MESOZOIC SYSTEMS-THE TRIAS, OOLITE, AND CHALK.

We now take leave of the palæozoic aspects of the world, and pass on to those of the Mesozoic or "middle life" period-characterised by forms and species which hold an intermediate place between those of the more ancient and those of the more modern epochs. The grand primeval types and patterns are still the same-radiate, molluscan, articulate, and vertebrate-but the modifications of the types are new, and the consequent organisation higher and more complex. The "differentiation" of the vital functions (as zoologists express it) now becomes more marked and apparent that is, instead of organisations in which several functions are performed by the same organ, each function has an organ specially devoted to its purpose.
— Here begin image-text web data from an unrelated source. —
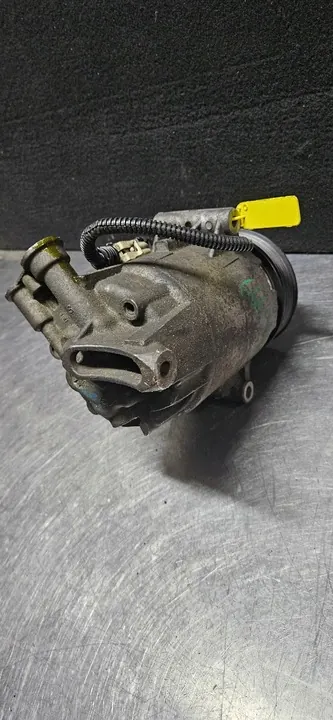 Ilmastointikompressori Opel Astra H 13286088 image 3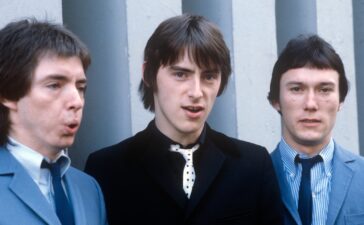 The Jam’s Rick Buckler Dies at 69, Paul Weller and Bruce Foxton Pay Tribute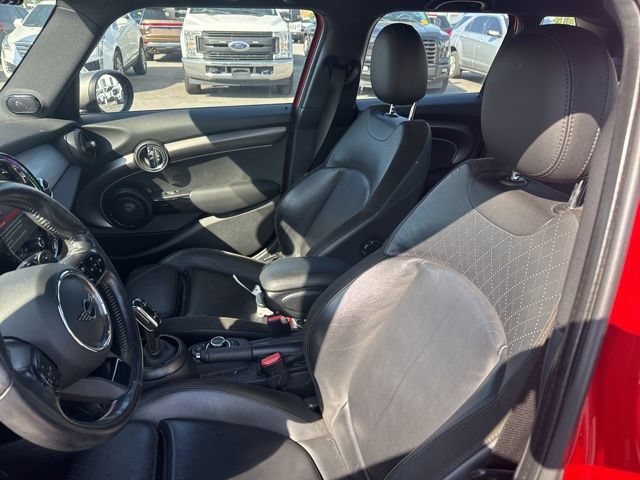 Used 2022 MINI Cooper S FWD image 13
The expression of Creative thought has become more specialised, and the plants and animals of the newer epochs bear the impress of that specialisation, and find in new external conditions a fitting habitat for their growth and elimination.
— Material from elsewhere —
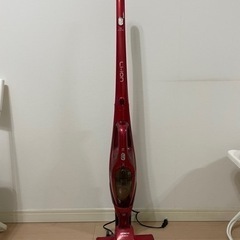 日立製　PV-BD200 スティック型掃除機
We now take farewell of the graptolites, cystideans, trilobites, and eurypterites of Silurian seas-of the gigantic crustaceans and bone-cased fishes of the old red sandstone -of the sigillariæ, stigmariæ, lepidodendra, and other endogenous forms of the coal period-of the cup-in-cup, honey

comb, chain-pore, spider-web, and other corals of the Devonian and mountain limestones—of the huge reptile-like fishes that swarmed in carboniferous waters; and are introduced to other species and newer forms of vitality. The vegetation that adorns the lands of the mesozoic period bears a closer resemblance and affinity to the tree-ferns, cycads, zamias, palms, and subtropical pines of the present day; and the botanist feels he can now institute comparisons with some prospect of success, and attempt restorations with greater confidence and certainty. So also in the animal world the approximations are becoming closer and closer; the divergence from existing families is less perceptible even to the unscientific observer; and the zoologist now meets with all the great divisions of vertebrate lifefishes, reptiles, birds, and mammals. A vast progress has been made in the great onward evolution of vitality— whole families of lower life have died out, and higher ones have taken their places-and orders only beginning to come into existence in the primeval world are now approaching their culmination, or point of greatest numbers, variety, and development.
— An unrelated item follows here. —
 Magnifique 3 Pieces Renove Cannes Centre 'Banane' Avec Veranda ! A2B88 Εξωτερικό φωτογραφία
Besides these gradational advances from lower to higher forms, which are common to every geological epoch, there are also some curious external characteristics which must arrest the notice even of the least scientific and the least geological of observers. So noticeable are these features, that if the fossils of the paleozoic cycle were arranged on one side of a museum, and those of the neozoic on another, the difference would strike the casual observer as strongly as would the difference between the brute-man sculptures of the Ninevites and Egyptians on the one hand, and the man-god sculptures of the Greeks and Romans on the other. It is like passing from the Assyrian and Egyptian chambers of the British Museum to those devoted to the Greeks and

Romans. The expression of human thought is not more clearly indicated by the remains of these ancient civilisations, than the expression of creative thought is indicated by the fossil forms of the paleozoic and mesozoic Earthperiods. Thus, in the palæozoic endogens the ultimate development of the leaf is, for the most part, stamped in permanent beauty on the tall sculptured stems, whereas in the neozoic exogens it ascends to the more exquisite but evanescent beauties of the flower and fruit. Again, the palæozoic leaf, being endogenous, has a venation wholly parallel, whereas the neozoic leaf adds the reticulated venation of the exogen to that of the endogen. Further, as the floral arrangement of the endogen is formed by three, and that of the exogen by five, all the paleozoic flowers and fruits are stamped by the normal number three, whereas fives and threes are equally normal in the neozoic flora. So also in the animal kingdom: the corals of the paleozoic cycle had their septa or ray-like partitions arranged in fours, while those of the neozoic are arranged in sixes. In the palæozoic cephalopods the arms are for the most part void of sucking discs, while those of the neozoic seas are, on the other hand, generally furnished with them; and in the chambered shells of the same order, the palæozoic species have their sutural junctions plain and simple, while those of the neozoic are often foliated and of most intricate pattern. The paleozoic crustacea, even in the highest forms yet discovered, are more larval-like or abdominal in their segmentation than the neozoic, in which head, thorax, and abdomen become distinct and definite. Again, the palæozoic fishes had all the heterocercal or unequally-lobed tail (which marks the embryonic condition of fish-life in general), while in the neozoic order, the heterocerque is subordinated, and the homocerque, or equally-lobed, and the undivided tails become the general and normal forms.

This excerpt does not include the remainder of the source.